4. Collect early summer pollen in a bag, add to other flours (protein/vitamins).

5. Winter rootstocks: pick mash rinse, dry, and grind into flour.

6. Use fresh, pounded root directly as a poultice on infections, blisters, & stings. Tie in place over night. Replace for next day.

7. Sticky substance at the base of the green leaf is antiseptic, coagulant, & even a bit numbing.

8. Boil leaves for external skin wash.

9. Starchy, mashed root use as a toothpaste.
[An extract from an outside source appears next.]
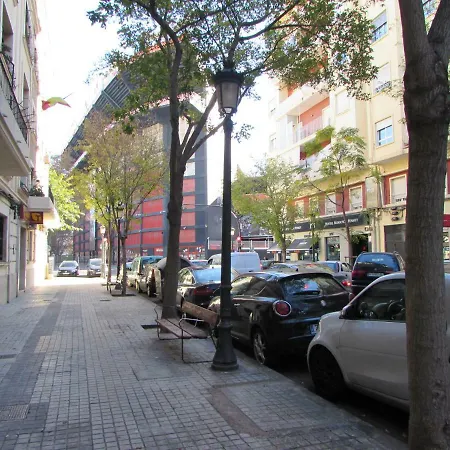 Vivienda Diseno Con Jardin Interior *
10. Use pollen as a hair conditioner.

11. Drink root flour in a cup of hot water or eat the young flowerheads to bind diarrhea and dysentrery.

12. Use the fuzz from mature female flowerheads for scalds, burns, diaper rash & place in diaper to soak up urine.

13. Down makes excellent tinder.

14. Dry stalks use for hand drill, arrow shafts with added hardwood nock and foreshaft.

15. Leaves excellent for thatching, basket weaving, cordage (one of the most important aspect of outdoor survival), and doll, toy, figurine making.

16. Dip brown head of a dry stalk in animal fat for a torch.

17. Pollen is hemostatic & astringent. Place directly on cut to control bleeding. Take internally for internal bleeding, menstrual pain, chest pains, & other forms of blood stagnation.

18. Mix pollen with honey; apply to bruises, sores, or swellings.